Il concetto di “sport inclusivo” trova nel carcere il suo laboratorio
di Marco Pozzi
“Il tempo è denaro” e forse in nessun luogo come in carcere il detto ha fondamento e dimostrazione.
Divenuto valore di riferimento nella rivoluzione industriale, il tempo è la moneta nel modello di penitenziario del XIX secolo: nella società il tempo è una risorsa, il tempo dà denaro; lo si misura e condivide con gli orologi da tasca, per chi se può permettere, oppure con gli orologi pubblici sui campanili. Nei penitenziari si sviluppa una contabilità del tempo, che assegna anni, mesi e giorni di reclusione in conseguenza del reato compiuto, secondo tabelle oggettive e razionali che translitterano l’alfabeto dell’agire umano nell’alfabeto dei numeri.
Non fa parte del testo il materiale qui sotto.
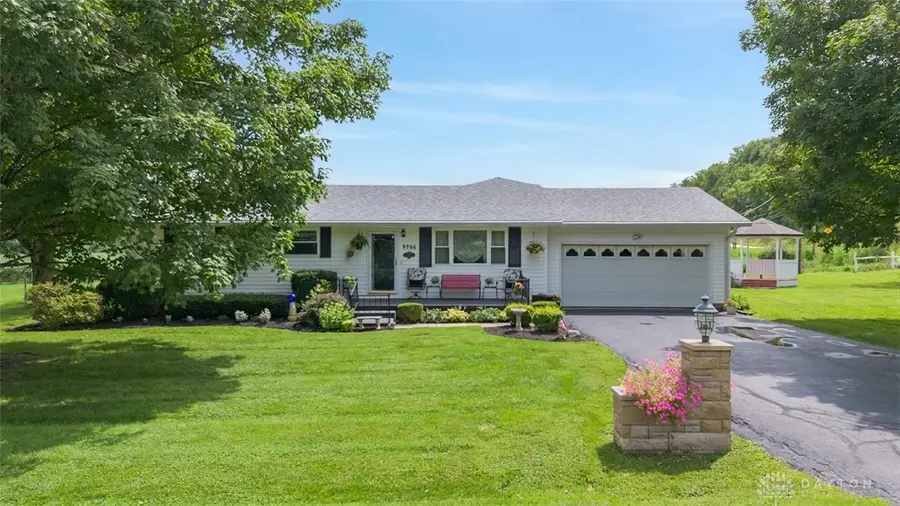 9366 Sandra Drive, New Paris, OH 45347 - #2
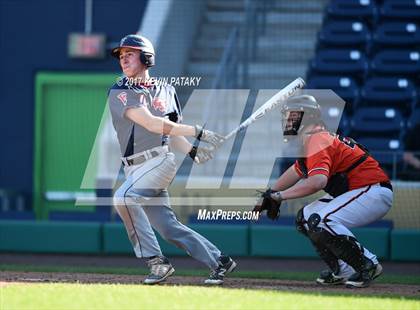 Thumbnail 3 in Foran vs. Watertown (CIAC Class L Semifinal) photogallery.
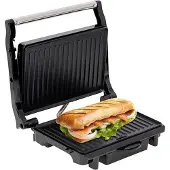 Camry CR 3044 Elektrische Grill - 2100 W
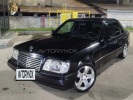 Mercedes-Benz E-Класс 1993 года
Dentro l’ansia di riempire il tempo nella letteratura dell’epoca emerge la parola ‘spleen’. La noia. Per ogni essere umano è esigenza cocente dare un senso al proprio esistere nel mondo, ma soprattutto lo è per chi deve occupare il tempo assegnato dalla sentenza del giudice. Chiunque sia entrato in un carcere, non vendendolo soltanto nei film o serie tv, lo sa.
Per le circa 60.000 persone attualmente recluse lo sport ricopre un ruolo. Nel XVIII rapporto annuale dell’associazione Antigone sulle condizioni detentive, che analizza la situazione italiana nel 2021, si legge che nel 44,8% degli istituti visitati i detenuti avevano un accesso settimanale alla palestra e che il 40,6% degli istituti garantisce l’accesso a un campo sportivo settimanalmente. Le attività più frequenti sono calcio, rugby, palestra con esercizi a corpo libero o pesi, e yoga, che richiede un semplice materassino.
Le attività spesso si appoggiano a volontari di associazioni quali USIP o CSI, che mettono a disposizione competenze ed entusiasmo. Un’esperienza da citare è la polisportiva Atletico Diritti (https://www.atleticodiritti.it), un’associazione nata nel 2014 da Antigone e Progetto Diritti, che propone vari sport a migranti, richiedenti asilo, detenuti, studenti universitari: calcio maschile, cricket, basket, tennistavolo e calcio a 5 femminile. Promuove “i valori della lealtà, dell’impegno e della correttezza”, dice il sito, attraverso lo sport, collante sociale di principi inclusivi. La squadra di calcio a 5 femminile di Atletico Diritti gioca regolarmente nel carcere di Rebibbia di Roma, per allenamenti, amichevoli e partite di campionato (in CSI, giocano sempre in casa). Lo sport è allora un mezzo di coesione tra dentro e fuori, tra carcere e società.
Sul sito del Ministero della Giustizia, alla voce “Sport”, si legge: “La pratica sportiva all’interno degli Istituti penitenziari svolge un significativo ruolo volto a promuovere la valorizzazione della corporeità e l’abbattimento delle tensioni indotte dalla detenzione, favorendo al tempo stesso forme di aggregazione sociale e di positivi modelli relazionali di sostegno ad un futuro percorso di reinserimento”. Dunque l’ordinamento penitenziario inserisce le attività sportive nel trattamento rieducativo, insieme alle attività culturali e altre ricreative: utili entrambi al reinserimento sociale, sono perciò concordate con gli educatori che seguono le persone detenute. Non si tratta solo di sfogare lo stress e contrastare la sedentarietà, esigenza per qualunque persona, ma lo sport si affianca a iniziative culturali come laboratori di cinema e teatro, o musica (chitarra, coro, etc.), o laboratori di lettura e scrittura creativa.
D’altronde, legare lo sport e le attività culturale in un unico flusso ha qualcosa di veritiero, che sta contagiando anche lo sport fuori dal carcere. Basta cercare informazioni sulle Mind Sports Olympiad, edizioni annuali che mescolano prove fisiche, atletiche a tutti gli effetti, insieme a giochi della mente che vanno a stimolare svariate capacità; leggere le specialità del Pentamind e del Decamentathlon dimostra lo spirito della gara.
Divagazione a parte, lo sport può essere uno strumento di reinserimento in società per persone detenute, così come lo è d’inserimento per le persone libere che cercano occasioni di condivisione e partecipazione. E in fondo è anche una possibilità di inserimento in sé stesso, per così dire, di levigare quelle fratture interiori che creano disagio e segregazione. Stress, disagi, apatia, irritabilità, insonnia… sono malesseri oggi così comuni ovunque, e che in reclusione trovano accezioni estreme.
Da attività di passatempo o partecipazione sociale, fino alla passione che fornisce senso all’esistenza, il concetto di “sport inclusivo” trova nel carcere il luogo di un laboratorio in continuo cambiamento.